Some couples are always together.

I’ve heard tales of couples who lived an entire life together without spending one night apart. Stories like that always make me wonder about business trips. Does one partner follow the other on every business trip? Do the kids go too?

Maybe it’s an exaggeration. If not, it sounds a bit co-dependent; at the very least, it would be a logistic nightmare. Those stories never inspired a sense of awe or desire in me. Keep in mind, though, that I completed two years of college while living about one hour away from my boyfriend – the guy who is now my husband – so I know we can be apart and not fall apart, and I consider this an accomplishment.

Those facts aside, I’m pretty sure the night of the sleep study was the first night we had spent apart since I graduated from school.

That night, I marched up to the front door of the hospital with my pillow tucked under one arm and a knapsack packed with pills and pyjamas over my shoulder. I walked down the hall toward the sleep labs, unaware that this would be the first of many visits to those rooms.

I looked around the lab while I changed into my pyjamas. There was a hospital bed with a warm blanket and soft pillow. There were curtains on the window, a lamp and clock on the nightstand. The walls were painted a soft pink instead of the standard hospital green. No television. Oh, there was also a big video camera mounted in the corner of the room near the ceiling.

A nurse hooked me up to a machine that would monitor me throughout the night. There must have been twenty-five wires attached to me before she was done – leads to monitor my breathing, pulse, brain waves and sleep stages.

In the bathroom across the hall, I took my pain pills and my sleeping pills. A small monster stared at me as I brushed my teeth. White wires veined my long, dark hair. The wires stuck up from my scalp and then looped down toward my shoulders.

Little did I know, becoming that monster for one night was my first step back to wellness.

I slipped back across the hall in my socks and sat on the bed, testing the firmness of the mattress. With the lights off, the glow from the small lamp gave the room a homey feel. It was only 9pm, so I took a book out of my knapsack and gingerly laid my head on my pillow. The wires made it uncomfortable, but not unbearable.

Still, it was hard to concentrate on the novel. The results of the sleep study would be disclosed after about two weeks, around the same time that I was scheduled to see a neurologist, Dr. Brain, and possibly get a diagnosis of MS.

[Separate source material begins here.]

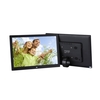 15 Zoll LCD High Definition 1280 * 800 Voll funktionsfähiger digitaler Fotorahmen Elektronisches Album Bild Musikvideo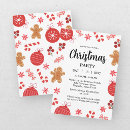 Search for candy cane christmas invitations Secret santa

As anxiety crept into my veins, threatening to keep me awake all night, I closed my eyes and thought of my husband. We were apart that night, but my heart is always with him. The worries quieted and I soon fell asleep.

My Doctor is a Hypochondriac

So there I was, barely held together with anger, on the verge of depression, in pain and exhausted. The pills the doctor had prescribed made me numb. Literally, the top two inches of my skin was desensitized by the drugs.

It was hard to advocate for myself in that state.

But I knew without a doubt that something undiscovered was happening in my body, and it was clear that nobody was willing to push for more tests after I was banished to Fibromyalgia Town.

I was getting worse, though. Waking up in the morning was depressing. The sleeping pills I took kept me asleep, but didn’t help me get the rest I needed to feel restored. I struggled to start each day when I felt like the previous day hadn’t ended. Some days I was too tired to get out of bed.

Those days pushed me to advocate for my health. I couldn’t accept that I would just get worse and worse and worse until who knows what. Until I became disabled permanently? Until I completely lost my mind?

No. I had to do something. So I went to my family doctor and pleaded with her. Because I was convinced at the time that I had MS, I asked her to send me for an MRI.

She told me, her voice full of conviction, that I didn’t have MS. She booked an MRI to humour me. I also asked her to send me for a sleep study. I figured something was wrong there. My doctor said the study would not confirm or dispel the Fibromyalgia diagnosis, but I didn’t care, I wanted to get some sleep.

Despite my doctor’s convincing tone, I thought the MRI would show MS. I was wrong.

However, it turned out that my demand for more tests would lead us to the right diagnosis in quite a roundabout way.